Official documents about a Royal Navy submarine have reportedly been discovered in the toilets of a Wetherspoons pub.
Files about the £1.3bn “hunter killer” vessel called HMS Anson had been left in the loos at The Furness Railway in Cumbria, according to The Sun.
The paper said the documents appeared to show the inner workings of the submarine, and had been used by submariners who were training in how to isolate and depressurise elements of its system.
The Royal Navy said no classified information appeared in the papers.
Speaking to The Sun, a source said the venue was “packed” when the files marked “official sensitive” were found in the toilet cubicle, alongside a Royal Navy lanyard.
They added: “It was lucky a Russian spy didn’t find them.”
Barrow-In-Furness is home to a shipyard belonging to weapons developer BAE Systems, which is a short walk away from the pub in question.

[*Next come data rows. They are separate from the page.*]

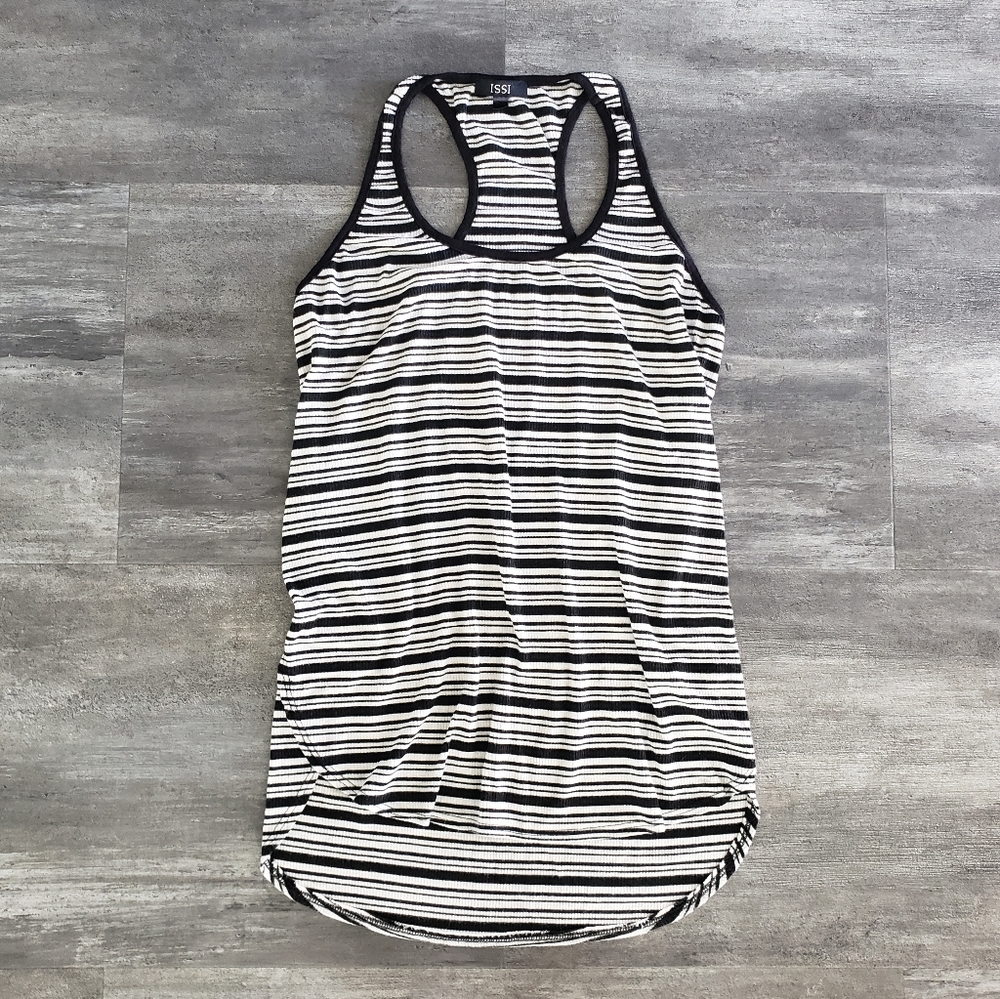 Black White Striped ISSI Long Tank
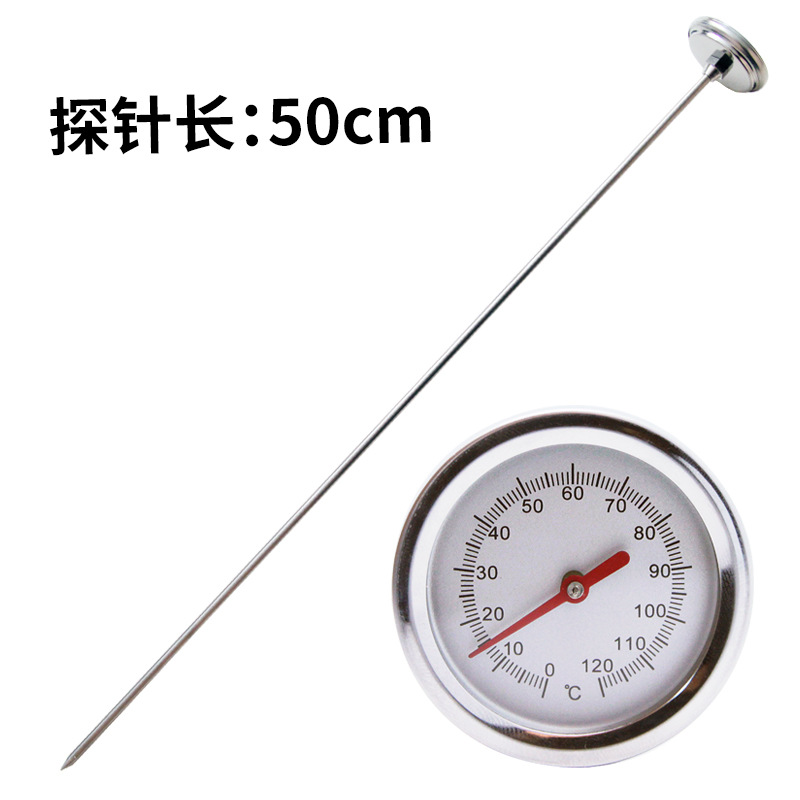 Compost Soil Thermometer Bimetallic Stainless Steel Household Probe Outdoor Food Thermometer Chart Thermometer 50cm
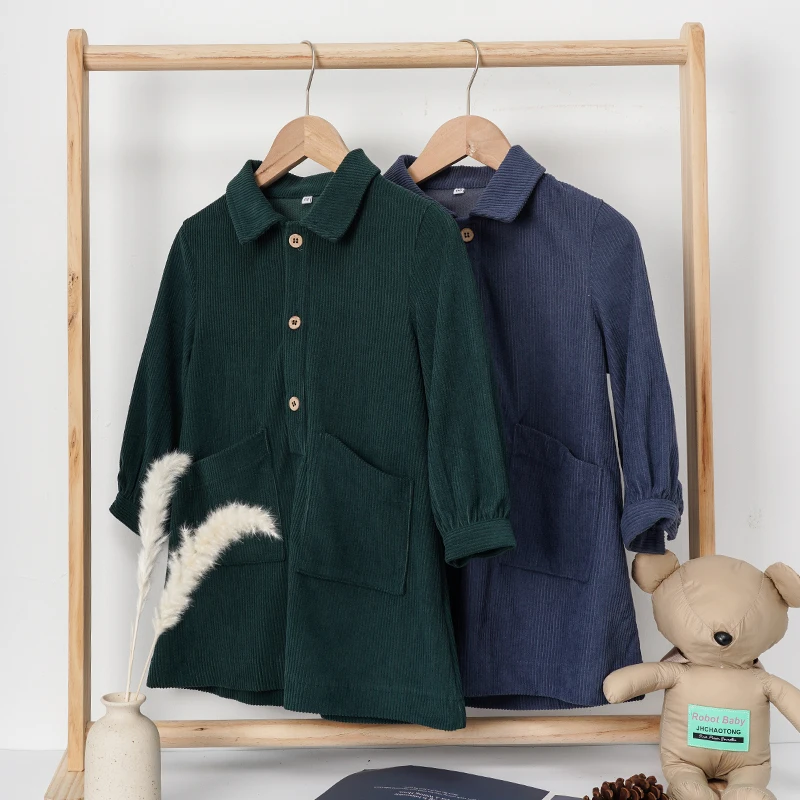 Lässiges Cordkleid für Mädchen 2026 Retro Herbst Neu Kinderkleid mit Revers Knöpfen Langarm mit Taschen Winterkleidung – Detail 20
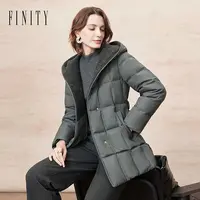 【鹅绒+羊驼毛】FINITY羽绒服时尚女士连帽中长款修身加厚保暖冬季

It is where HMS Anson has been pictured recently – the fifth of a new Astute class of attack submarines which has joined the UK’s naval fleet.
The Astute vessels are able to fire tomahawk missiles, and have been described by the navy as the “largest, most advanced and most powerful attack submarines” ever used.
A naval source said: “These documents enable submariners and contractors to understand how systems interact. They do not detail how they work, just that they exist.”
They added the documents only contained simple designs of the on-board systems, without revealing how they work.
A Royal Navy spokesman said: “These are generic training documents that carry no classified information. However, we take all security matters extremely seriously and will investigate the circumstances of their discovery.”